Healthier new bulldog will lose its Churchillian jowl
Kennel Club standards will improve welfare
The bulldog will lose its Churchillian jowl after the Kennel Club reformed breeding standards. Puppies will be taller and leaner with smaller faces
Valerie Elliott, Consumer Editor
The classic British bulldog, a symbol of defiance and pugnacity, is to disappear. A shake-up of breeding standards by the Kennel Club has signalled the end of the dog’s Churchillian jowl. Instead, the dog will have a shrunken face, a sunken nose, longer legs and a leaner body.
The change has angered the British Bulldog Breed Council and it is threatening legal action against the club. Robin Searle, the chairman, said: “What you’ll get is a completely different dog, not a British bulldog.”
New breeding standards for 209 dog species have been brought into immediate force after the furore over breeding practices shown on a BBC One documentary, Pedigree Dogs Exposed, last summer. Breeders have until the end of June to lodge any objections.
The shake-up comes as one of the country’s leading zoologists and animal behaviour experts, Sir Patrick Bateson, announced that he would be heading an independent inquiry into dog breeding.
The Kennel Club is determined to show its commitment to dog welfare and has ordered the removal of characteristic features from some dogs. In a statement it said: “The breed standards have been revised so they will not include anything that could in any way be interpreted as encouraging features that might prevent a dog breathing, walking and seeing freely.”

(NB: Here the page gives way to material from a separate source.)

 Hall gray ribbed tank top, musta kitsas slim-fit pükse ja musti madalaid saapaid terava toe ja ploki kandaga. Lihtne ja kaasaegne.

The shar pei will lose the familiar folds of skin on the neck, skull and legs while the Clumber spaniel and the labrador retriever must stay slim to qualify as top show dogs. Flat faces without a muzzle on Pekingese are also no longer acceptable because they cause breathing difficulties. Other breeds to change are the bloodhound, German shepherd hound, basset hound, Saint Bernard, chow chow, the Dogue de Bordeaux and mastiff.
Bulldogs are prone to skin and coat problems, cherry eye, respiratory disorders, orthopaedic conditions, and soft or cleft palate. Most are born by Caesarean section because large heads and proportionally small hips make natural births difficult. The breed’s anatomy also hinders mating, with many litters conceived via artificial insemination.
Jemima Harrison, of Passionate Productions, which made Pedigree Dogs Exposed, said that the changes were “hugely welcome and long overdue” but that it would take years to put right all the problems.